You’ve probably just raked in about a third of your annual revenue in less than 4 sleep-deprived weeks.

You’ve probably also taken a third of a year off your life dealing with last minute Christmas delivery debacles, manically outrged customers and the inevitable website bungles that is online retail in December-January.

But with your brand’s collective deep breath, comes the need to deal with those three challenging, but unfortunately necessary cousins of any successful online retail operation.

It’s time to sit down and take care of the evaluation, analysis and planning triad.

(Your article mini-directory)

Too busy to read the whole thing? We get it: logistics, synergies, KPI’s – all that stuff. Here’s the skim read version. You really should read the whole article though…

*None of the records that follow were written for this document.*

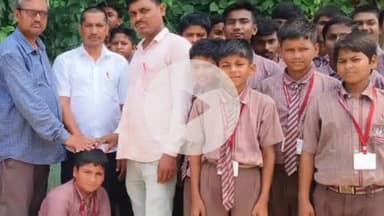 बेनीपुर अनुमंडल क्षेत्र के पकड़ी चौक स्थित आइडियल पब्लिक स्कूल के बच्चों ने अपने जन्मदिन पर किया वृक्षारोपण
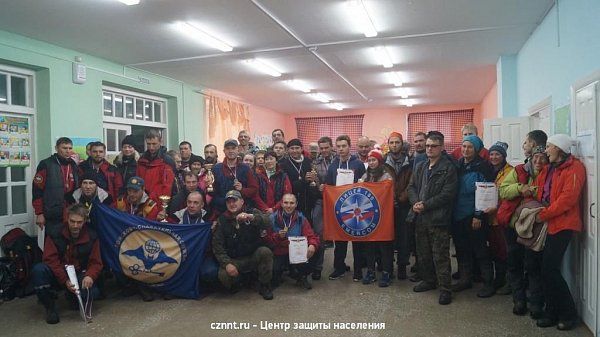Тагильские спасатели  победили  на региональных соревнованиях «Уралспас-2018» (осень)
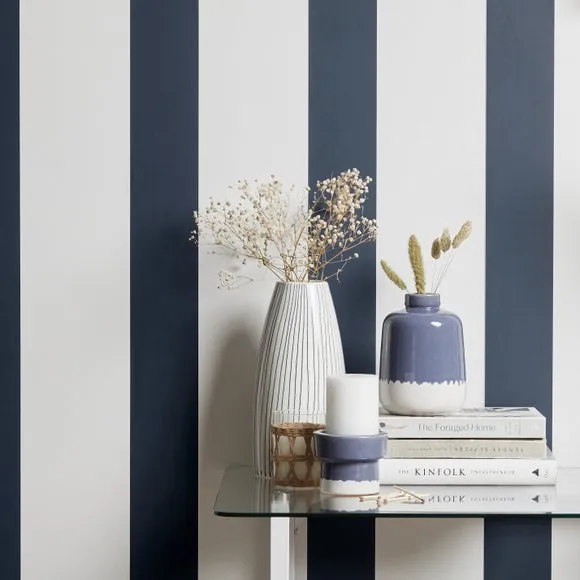 Striped Wallpaper with Smooth Finish - Navy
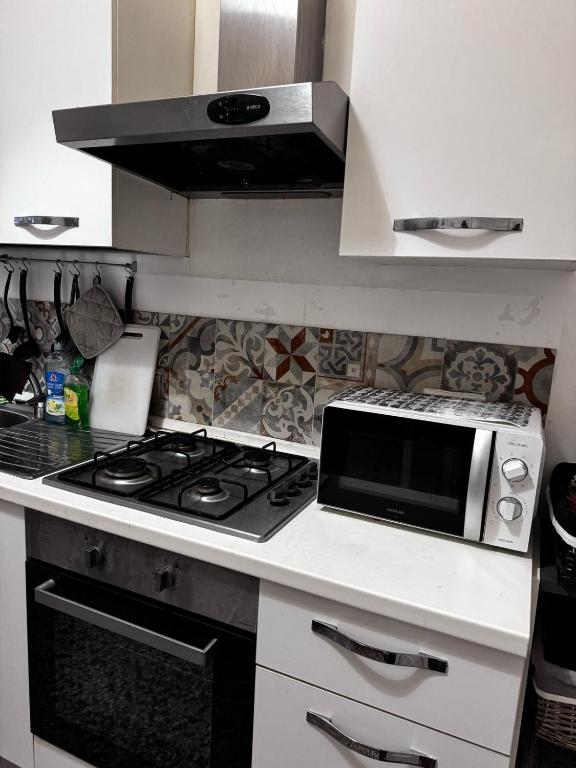 WOW HOME 3 - 175 mq - posteggio privato - davanti porto traghetti - fino a 10 posti letto - 3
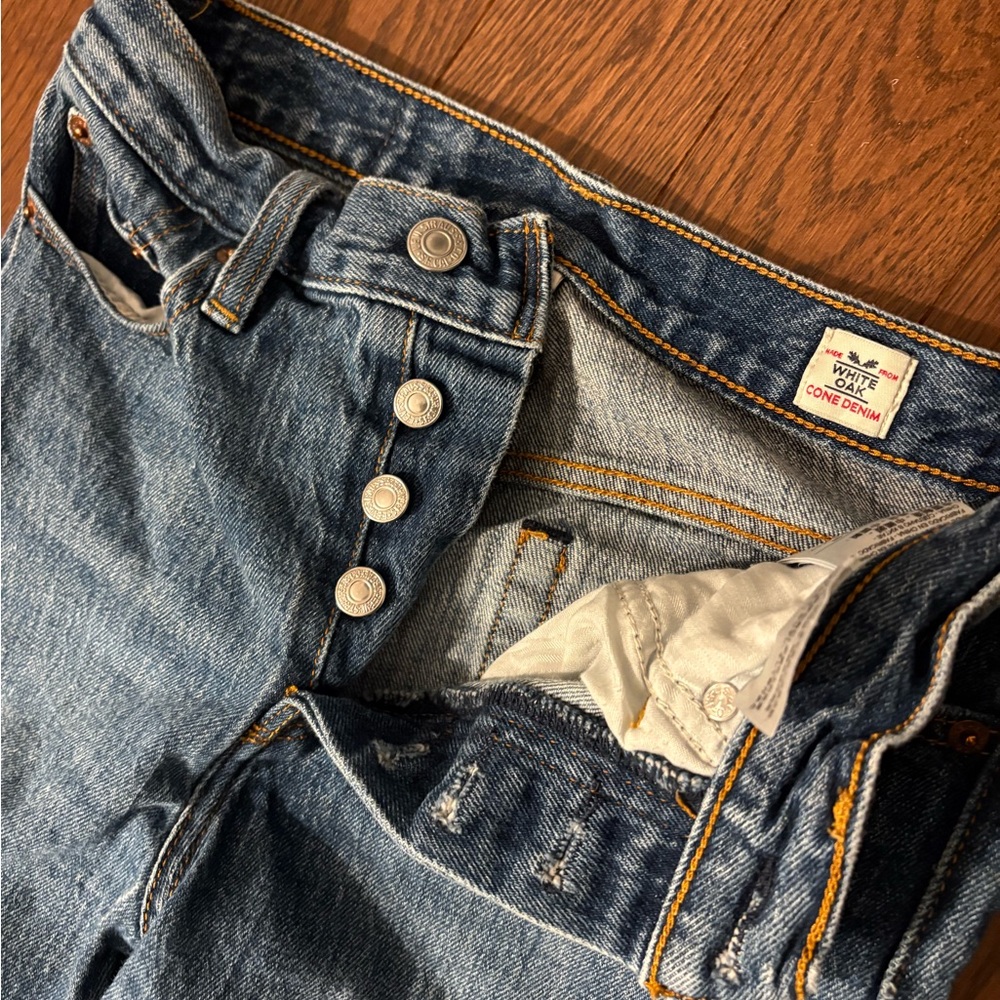 Classic Women's Straight Leg Denim Jeans - Picture 5 of 8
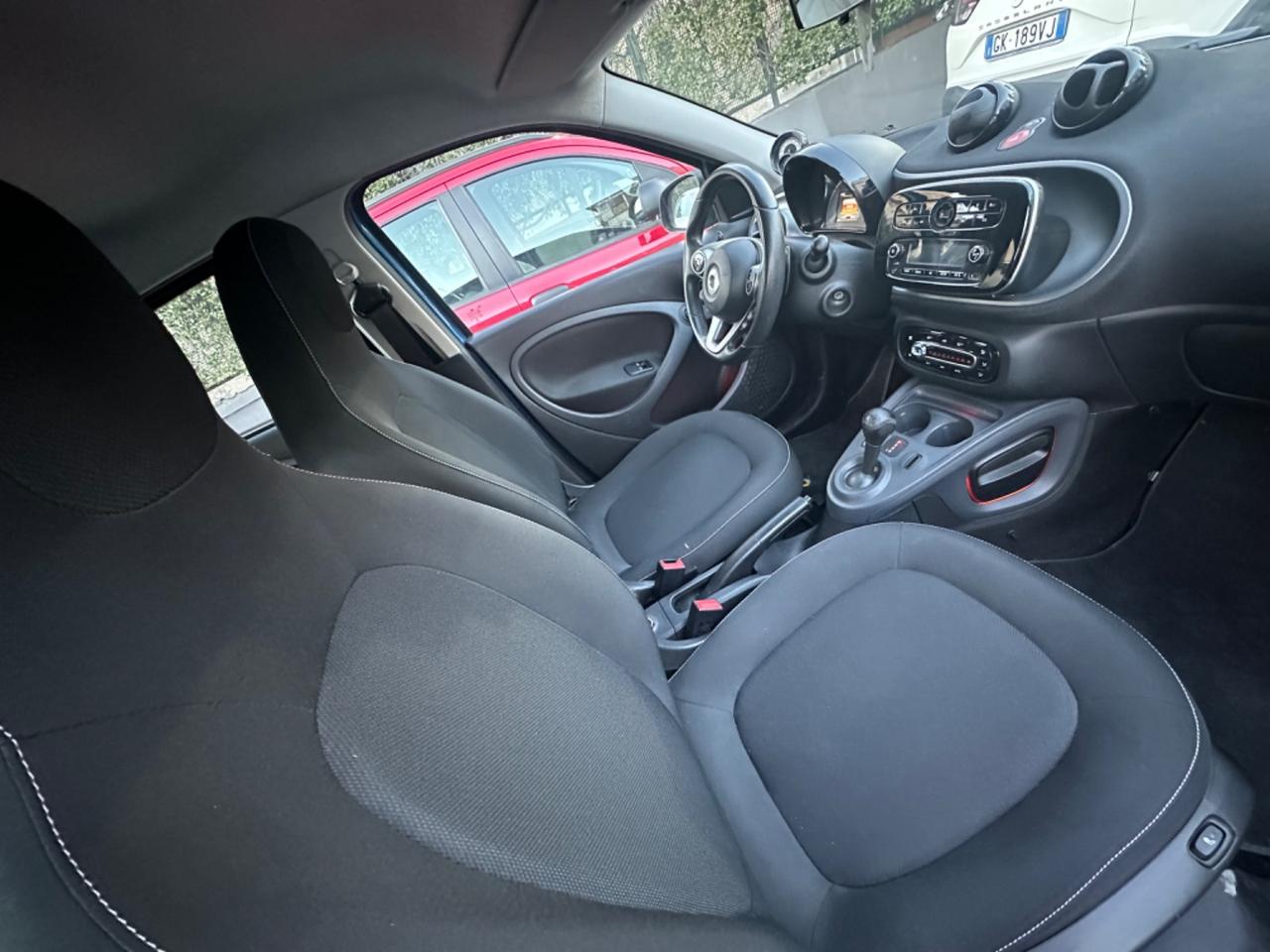 Smart ForFour 70 1.0 twinamic Passion sedili riscaldabili cambio f1 veglia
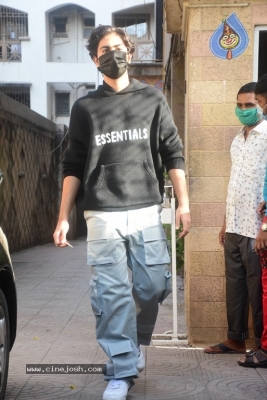 Arjun Kapoor & Malaika Arora spotted in Bandra - 1 of 13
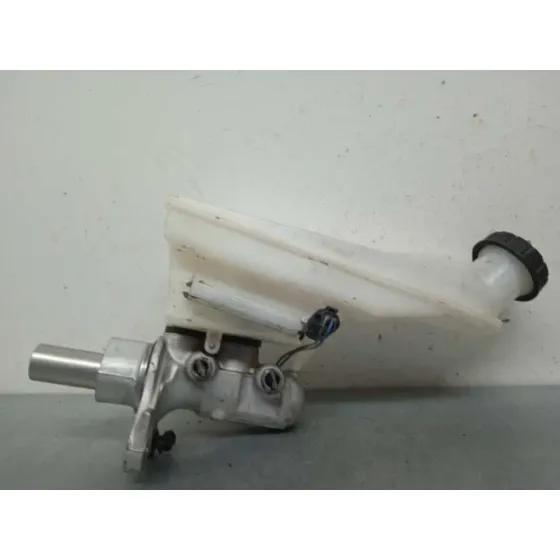 Bomba Freno para Mercedes-Benz Clase Gla (W156)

You can click on the dot point that takes your fancy and head straight to the relevant section.

How to make the most of your Christmas shopping data

What worked?

What didn’t?

How can you improve?

It’s time to analyse your Christmas shopping data, check your benchmarks and compile a list of actions. You need to improve your user experience with the lessons learnt from another silly season.

To help you kick things off, we’ve got a really helpful article from Michael Harel, Director of Clicktale – an ecommerce analytics software provider. Michael has some simple, practical advice for your post-Christmas analysis, mainly focused around improving your online store UX.

Four quick tips to start you off:

  • Use your drop-off stats to improve your UX
  • Zero in on the cause of complaints and negative feedback
  • Perform a post mortem on your landing page bounce rates
  • Find out why browsers leave your product pages

It’s also time to plan your 2016 marketing calendar

As much as we ecommerce folk wish next year would just mind its own business until the bedlam of Christmas shopping is over, 2016 refuses to be silenced.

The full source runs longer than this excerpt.